*** Begin section ***

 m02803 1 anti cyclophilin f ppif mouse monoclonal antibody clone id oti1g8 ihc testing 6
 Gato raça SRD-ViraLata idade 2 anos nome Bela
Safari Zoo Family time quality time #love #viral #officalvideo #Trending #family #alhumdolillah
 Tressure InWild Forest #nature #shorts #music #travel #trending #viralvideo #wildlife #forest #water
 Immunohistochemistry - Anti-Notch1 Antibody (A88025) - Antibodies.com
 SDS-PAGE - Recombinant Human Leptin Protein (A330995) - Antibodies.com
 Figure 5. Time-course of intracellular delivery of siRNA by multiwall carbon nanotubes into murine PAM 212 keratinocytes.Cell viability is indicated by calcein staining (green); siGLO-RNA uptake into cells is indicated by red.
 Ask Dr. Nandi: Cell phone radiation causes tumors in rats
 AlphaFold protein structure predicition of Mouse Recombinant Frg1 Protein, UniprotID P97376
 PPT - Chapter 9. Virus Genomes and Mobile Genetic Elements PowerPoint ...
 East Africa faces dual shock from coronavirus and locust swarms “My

*** End section ***
*** Begin section ***

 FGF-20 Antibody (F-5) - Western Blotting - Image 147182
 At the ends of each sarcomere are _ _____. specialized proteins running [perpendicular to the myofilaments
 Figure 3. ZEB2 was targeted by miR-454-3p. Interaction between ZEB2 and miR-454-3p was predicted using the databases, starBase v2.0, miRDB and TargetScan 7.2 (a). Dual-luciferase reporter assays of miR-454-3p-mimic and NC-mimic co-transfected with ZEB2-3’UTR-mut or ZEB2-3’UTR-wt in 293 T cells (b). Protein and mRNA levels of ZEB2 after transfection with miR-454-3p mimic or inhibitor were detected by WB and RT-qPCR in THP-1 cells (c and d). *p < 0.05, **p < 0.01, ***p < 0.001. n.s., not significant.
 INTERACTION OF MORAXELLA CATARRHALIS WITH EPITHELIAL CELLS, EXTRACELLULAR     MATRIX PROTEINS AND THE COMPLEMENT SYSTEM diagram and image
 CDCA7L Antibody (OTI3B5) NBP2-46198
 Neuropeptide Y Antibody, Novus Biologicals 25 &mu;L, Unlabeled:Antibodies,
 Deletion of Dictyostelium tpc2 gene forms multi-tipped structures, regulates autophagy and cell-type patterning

*** End section ***
*** Begin section ***

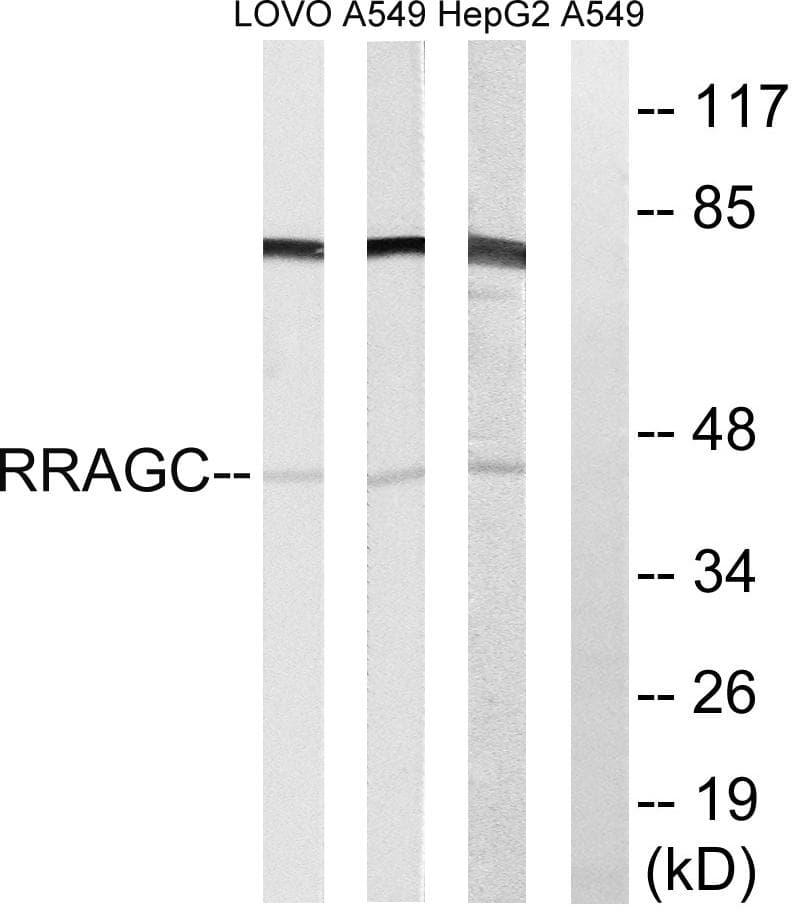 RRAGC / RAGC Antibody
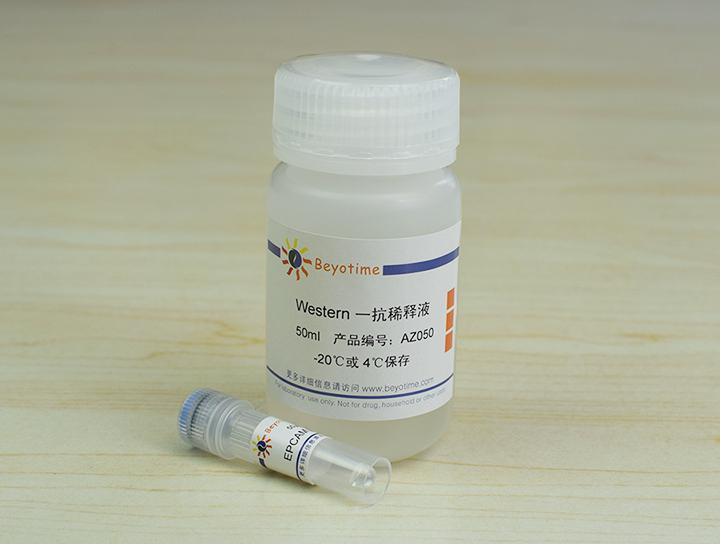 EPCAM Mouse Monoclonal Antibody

*** End section ***

=== Exercise details ===
What is asked for is an exact copy of the lines above from the one containing "Figure 5. Time-course" through the one containing "East Africa faces", and only those.

=== Expected answer ===
 Figure 5. Time-course of intracellular delivery of siRNA by multiwall carbon nanotubes into murine PAM 212 keratinocytes.Cell viability is indicated by calcein staining (green); siGLO-RNA uptake into cells is indicated by red.
 Ask Dr. Nandi: Cell phone radiation causes tumors in rats
 AlphaFold protein structure predicition of Mouse Recombinant Frg1 Protein, UniprotID P97376
 PPT - Chapter 9. Virus Genomes and Mobile Genetic Elements PowerPoint ...
 East Africa faces dual shock from coronavirus and locust swarms “My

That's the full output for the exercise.